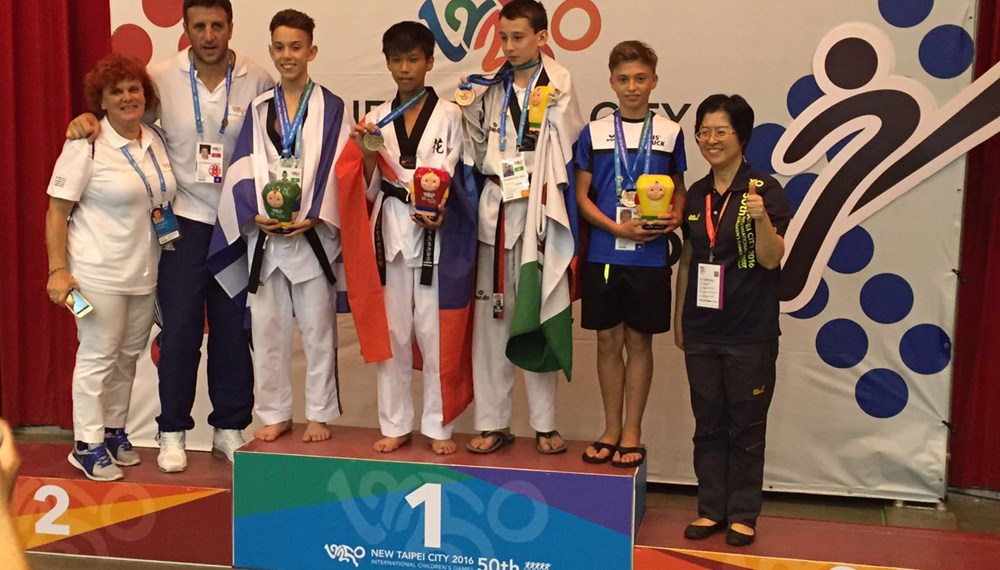 Mit einer großartigen Feier wurden am 12. Juli die 50. International Children’s Summer Games eröffnet. Innsbrucks Vizebürgermeister und Sportreferent Christoph Kaufmann übergab offiziell die ICG-Fahne an den Bürgermeister von New Taipei City. Die feierliche Eröffnung der 50. International Children’s Games erfolgte durch ICG-Präsident Thorsten Rasch. Am Mittwoch durfte sich bereits der erste Athlet aus Innsbruck über eine Medaille freuen: Philipp Ploberger von der Taekwondo Schule Innsbruck gewann in der Gewichtsklasse bis 45 Kilogramm die Bronzemedaille.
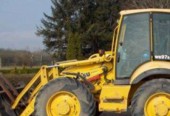 Koparko ladowarka na rownych kolach Komatsu WB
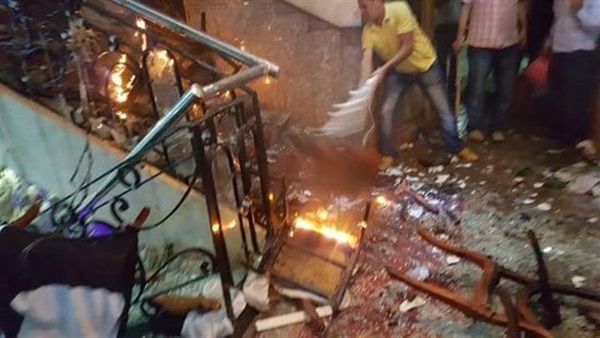 فريق من النيابة العامة يصل مقر نقابة المحامين بالدقهلية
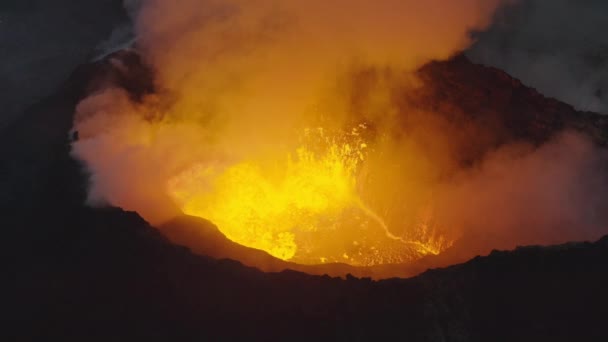 A vulkánkitörés drónja füsttel és olvadt lávával. — Stock videók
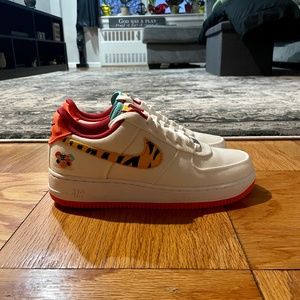 Women’s Nike Air Force ‘07 LX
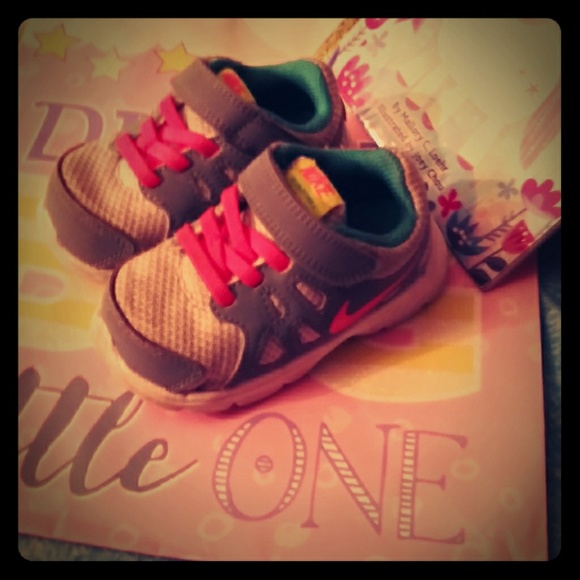 size 4 baby nike shoes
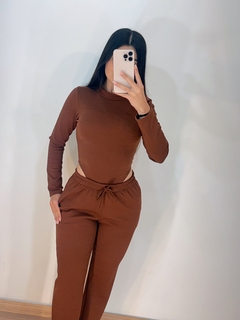 Conjunto Cavado Manga Longa na internet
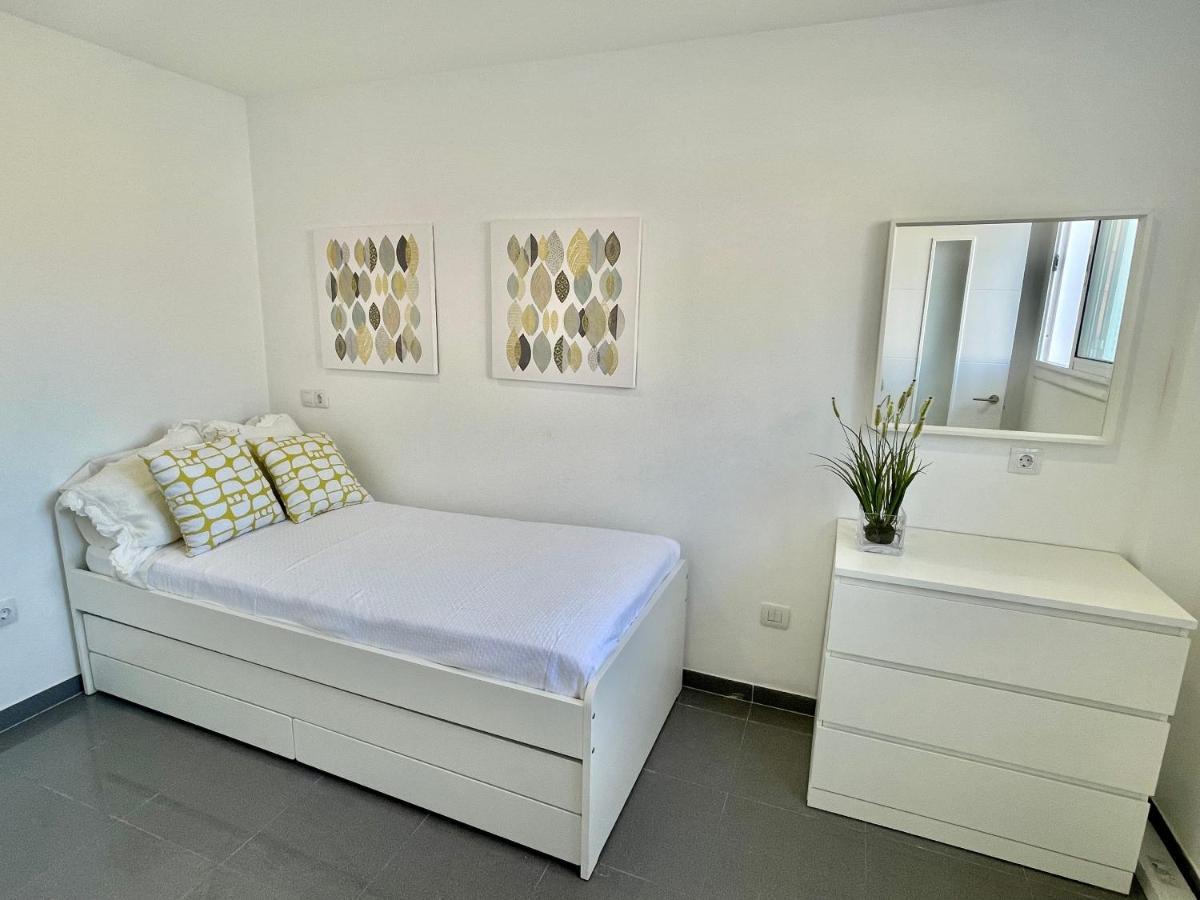 The Retreat House - Private Pool Apartment Пуерто де Сантяго Екстериор снимка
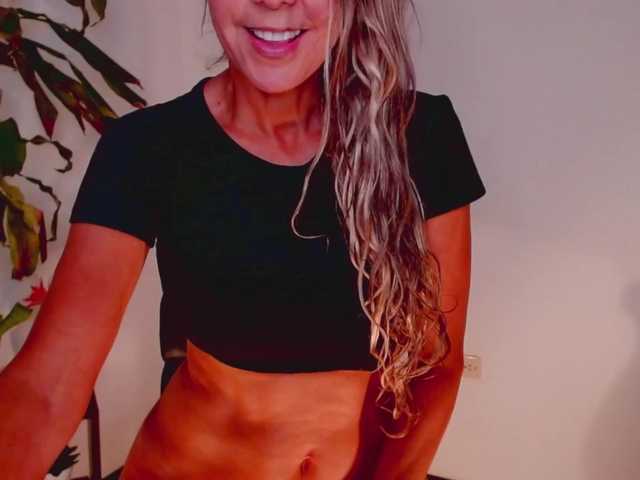 방송 스크린 샷 KendraCole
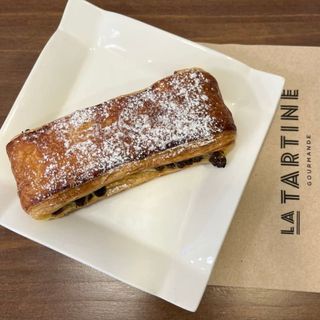 Suizo de chocolate y crema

## Problem to solve
Copy out the data above exactly, except the pictures.

## Solved exercise
 Mit einer großartigen Feier wurden am 12. Juli die 50. International Children’s Summer Games eröffnet. Innsbrucks Vizebürgermeister und Sportreferent Christoph Kaufmann übergab offiziell die ICG-Fahne an den Bürgermeister von New Taipei City. Die feierliche Eröffnung der 50. International Children’s Games erfolgte durch ICG-Präsident Thorsten Rasch. Am Mittwoch durfte sich bereits der erste Athlet aus Innsbruck über eine Medaille freuen: Philipp Ploberger von der Taekwondo Schule Innsbruck gewann in der Gewichtsklasse bis 45 Kilogramm die Bronzemedaille.
 Koparko ladowarka na rownych kolach Komatsu WB
 فريق من النيابة العامة يصل مقر نقابة المحامين بالدقهلية
 A vulkánkitörés drónja füsttel és olvadt lávával. — Stock videók
 Women’s Nike Air Force ‘07 LX
 size 4 baby nike shoes
 Conjunto Cavado Manga Longa na internet
 The Retreat House - Private Pool Apartment Пуерто де Сантяго Екстериор снимка
 방송 스크린 샷 KendraCole
 Suizo de chocolate y crema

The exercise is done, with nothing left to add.